"Robin sent us this review in March 2006 after building and flying his Mugi Evo. The following text is unchanged in content but has been edited for spelling and readability if necessary. We have added the photo captions."
The kit arrived very promptly and undamaged after ordering via the internet.
Building took no time at all, helped by about the best set of instructions I've seen. You have to allow time for the Evostick to set otherwise it could have been completed in an evening. Mine was built as per the kit with no changes – very unusual for me. I used a pair of 5g micro servos I had laying around - perhaps not a good choice as it turned out later.
I had intended to use a Speed 400 motor + Gunther prop and one of the 500 - 800mah, 7 cell battery packs I have in stock. However, when I did some dummy runs by taping the motor and pack onto the model, it was clear that the CofG would be too far aft. My lightweight servos contributed to this problem as they are ahead of the CofG. What was needed was a heavier pack that was configured to fit as far forward as possible: e.g. wide and flat.
After some head-scratching I took the easy option and flew the Mugi as a sloper. Fitting a Micron mini receiver and a flat 600mAh battery in the nose gave a CofG at the recommended point.
Test flying the Mugi on the slope:
First flights were done in very light winds and showed that: i) there was far too much control movement and ii) that the CofG could be moved further aft. It also showed that it would drift about and stay up in very un-promising conditions.
I was rather stuck with the control movements as the servos are buried in the wing/body and I’d used the outer holes in the arms. Thank goodness for modern transmitters allowing the adjustment of servo travel.
Flying in better conditions showed that it’s a model that can really move and would twinkle roll faster than I could keep up with. I also found that the CofG could be moved about 10mm back from the recommended point. This improved soaring performance but is close to the limit. Further back and the elevator control becomes ultra-sensitive and the dreaded flick appears. One fun-feature was landing. In a 10mph wind, the Mugi could be slowed up in front of the pilot and allowed to mush gently backwards onto the ground at his feet.
Overcoming my CofG problem:
I got hold of a cheap, brushless, Bell motor that was considerably lighter than a Speed 400. If this was moved as far forward as possible balancing the model was easier. I ended up making a small pylon to mount the motor with just the prop overhanging the trailing edge. Now lots of battery option became available.
Electric flight at last:
I am now flying with a 1250mah, 2-cell Lipo battery (and a small bit of lead) to give a weight of about 390g. Using a 7x6 GWS prop, launching is easy (I use the cow pat throwing technique) and performance is excellent. Unfortunately, the 7x6 is too small for the Bell motor on 2 cells so it doesn’t give vertical performance. Nevertheless, it is super to fly and far outstrips my ability to wring it out. I intend to try a 3-cell battery as this should lift the revs and therefore the thrust and pitch speed. The best bit is that, despite the extra weight it will still slow right down for landing. Even at very low speed there is still a lot of control authority. Another bonus is that it is extremely quiet. I don’t know how much of this is down to the motor + prop and how much the design of the model but it allows me to fly where I can’t use my Pico Jet or Twin Jet.

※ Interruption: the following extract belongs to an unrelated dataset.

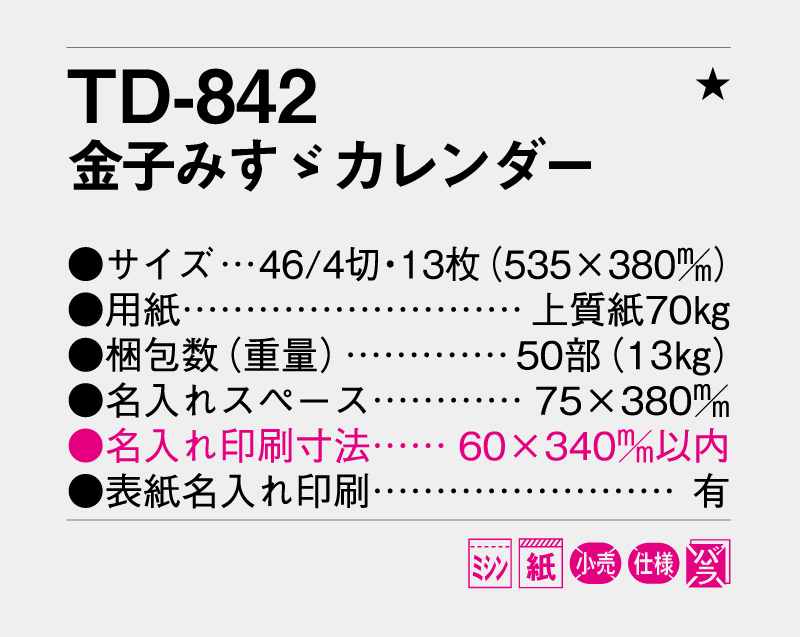 2027年 TD-842 金子みすゞカレンダー【10部から名入れ対応 壁掛けカレンダー】-3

Despite its performance potential, this is still a very benign model. I was flying the other day when suddenly down elevator started to cause it to dive right and up caused a climb left. When the panic subsided, I managed to get it down without damage. Inspection showed that one servo had failed during the flight - how many other models would have survived that sort of disaster? I have since discovered that yes it is just possible to get one of servos out from the built up model.
I haven’t seriously crash tested it yet but it has survived the general rough and tumble of slope flying, including some firm arrivals. Grubby marks of the white twinwall are the main issue.